Introduction

Epithelial ovarian cancer (OC) is the third most common gynaecologic cancer and accounts for an estimated 300,000 new cases and roughly 185,000 deaths each year worldwide1. As such, ovarian cancer is the gynaecological cancer with the worst prognosis and highest mortality rate2. OC is not a single disease but consists of subtypes that can be classified based on distinctive morphologic and molecular genetic features3. Although high penetrance germline mutations in homology-directed repair genes such as BRCA1 and BRCA24,5 are well described, these mutations only account for about 10% of the cases6. The remaining fraction of genetic risk factors is assumed to be low-penetrance risk alleles.

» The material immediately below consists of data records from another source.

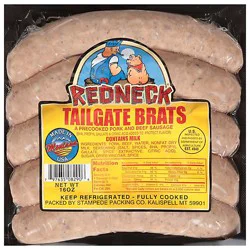 Redneck Tailgate Bratwurst Package 16 Oz - 16 Oz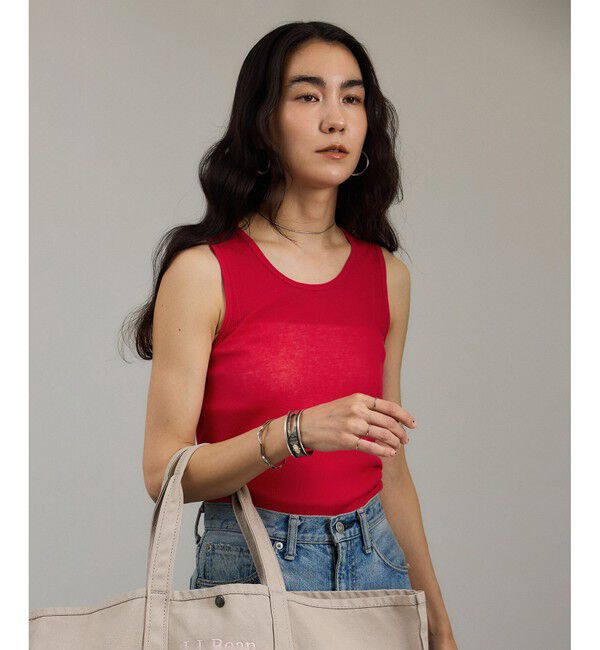 SALON adam et rope'「nu=layerスクープネックタンクトップ」|タンクトップ|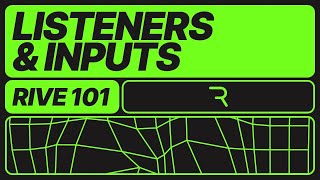 Rive 101 - Controlling Inputs with Listeners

Over the last decade, advantages in deep sequencing technologies have revealed the complexity of cancer evolution; the mutational landscape of multiple human cancer types has been described and mutational signatures have been identified, casting light on mutational processes driving tumour evolution and adaption7,8,9. As a result of this, a growing number of studies have started to link the apolipoprotein B mRNA editing enzyme catalytic-polypeptide-like (APOBEC) family of cytidine deaminases to specific innate enzymatic mutational processes in human cancers7,10,11,12,13.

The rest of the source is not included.